__Records shown__:
* * *
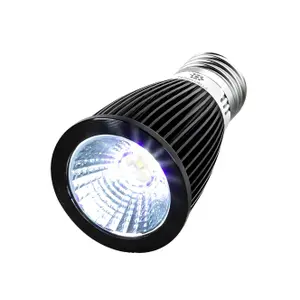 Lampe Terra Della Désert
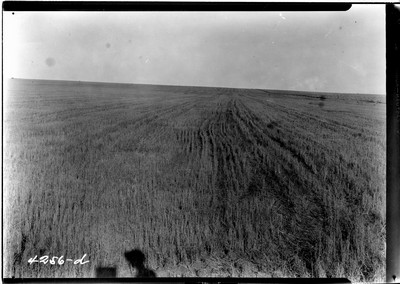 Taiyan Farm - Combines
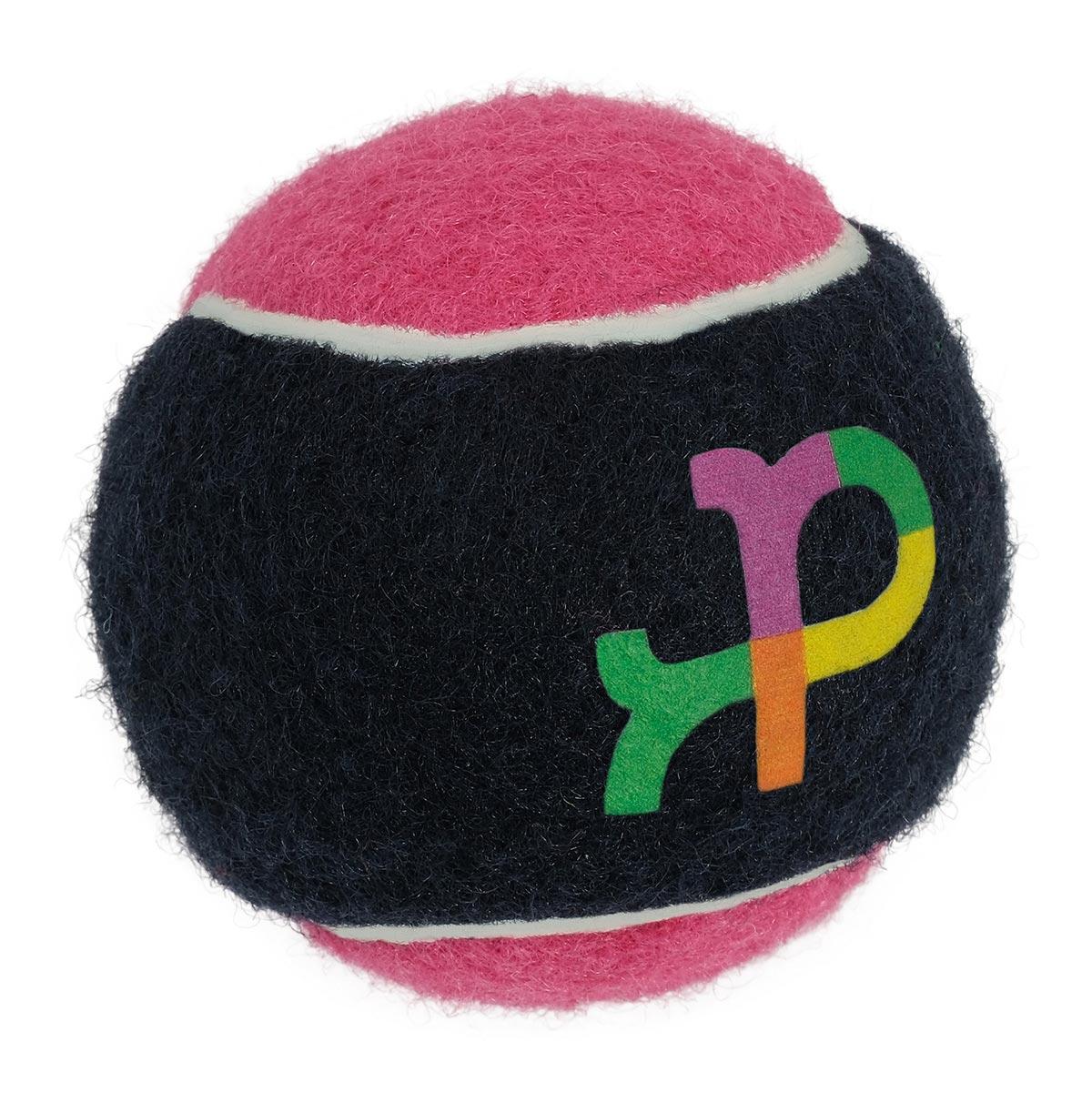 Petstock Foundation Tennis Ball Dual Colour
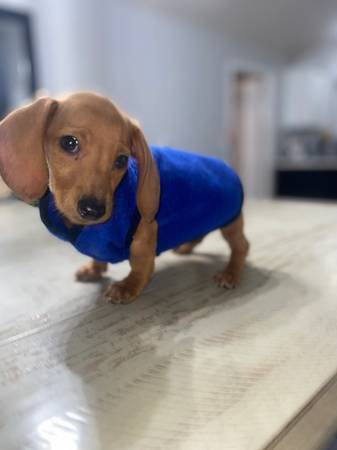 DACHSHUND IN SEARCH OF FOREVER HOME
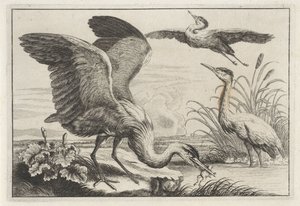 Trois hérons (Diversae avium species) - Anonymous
* * *
__What this task involves__: Only an exact, picture-free copy of the entries counts as the answer.

__Task result__:
 Lampe Terra Della Désert
 Taiyan Farm - Combines
 Petstock Foundation Tennis Ball Dual Colour
 DACHSHUND IN SEARCH OF FOREVER HOME
 Trois hérons (Diversae avium species) - Anonymous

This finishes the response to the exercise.